Post-September 11 struggles go to print

The chief executive of a firm which lost more than 600 of its 1,000 workers in the collapse of the World Trade Centre is to write a book about the ordeal.

Post-September 11 struggles go to print

The chief executive of a firm which lost more than 600 of its 1,000 workers in the collapse of the World Trade Centre is to write a book about the ordeal.

Cantor Fitzgerald suffered the greatest loss of life in the September 11 attacks, as its staff were concentrated in the upper floors of the first tower to be hit.

Chief executive Howard Lutnick cheated death because he decided to take his son to school and arrived late at the office on the day of the attacks.

Now he is to write a book about the firm's struggle to keep going as a bond trading house and deal with the grief which engulfed it.

Mr Lutnick, whose brother Gary worked at the firm and was killed in the attacks, is to donate his share of the royalties to the families of the staff killed on September 11.

"I think it is an incredible story," he said.

"I think it is really important that I get to tell it.

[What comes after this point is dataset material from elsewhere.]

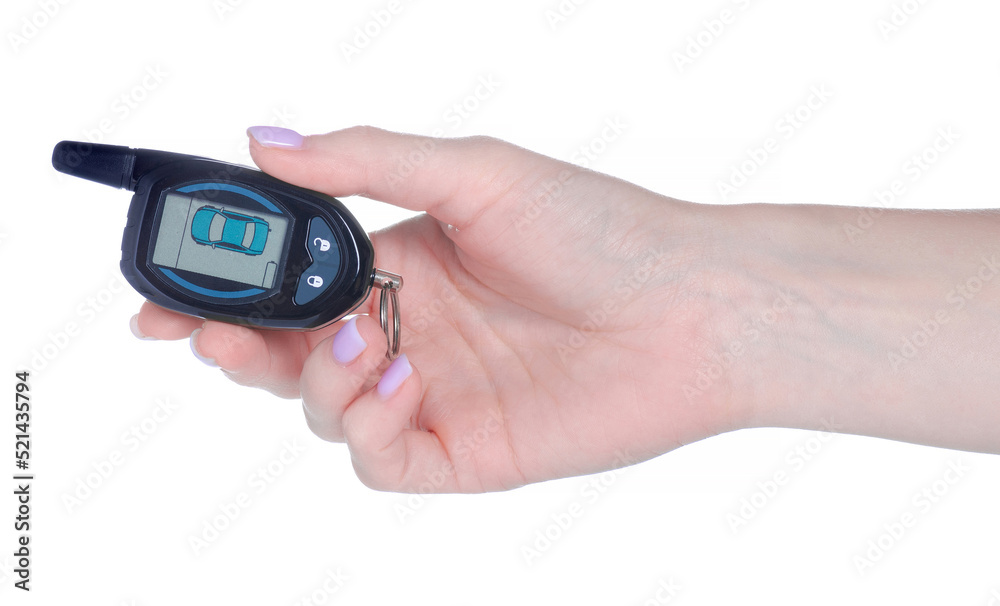 Key fob car alarm in hand on white background isolation Key fob car alarm in hand on white background isolation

It will stand as a testament to my friends and partners who I lost on the 11th of September."

Co-writer Thomas Barbash has interviewed the families of the victims and the survivors of the attacks and the book will also feature their stories.

"We will weave together things I want to say in my voice and things that need to be said in all sorts of voices," said Mr Lutnick.

Mr Lutnick was known as one of Wall Street's toughest bosses before the attacks but broke down repeatedly in the aftermath as he pledged to do all he could to help the families of the dead workers.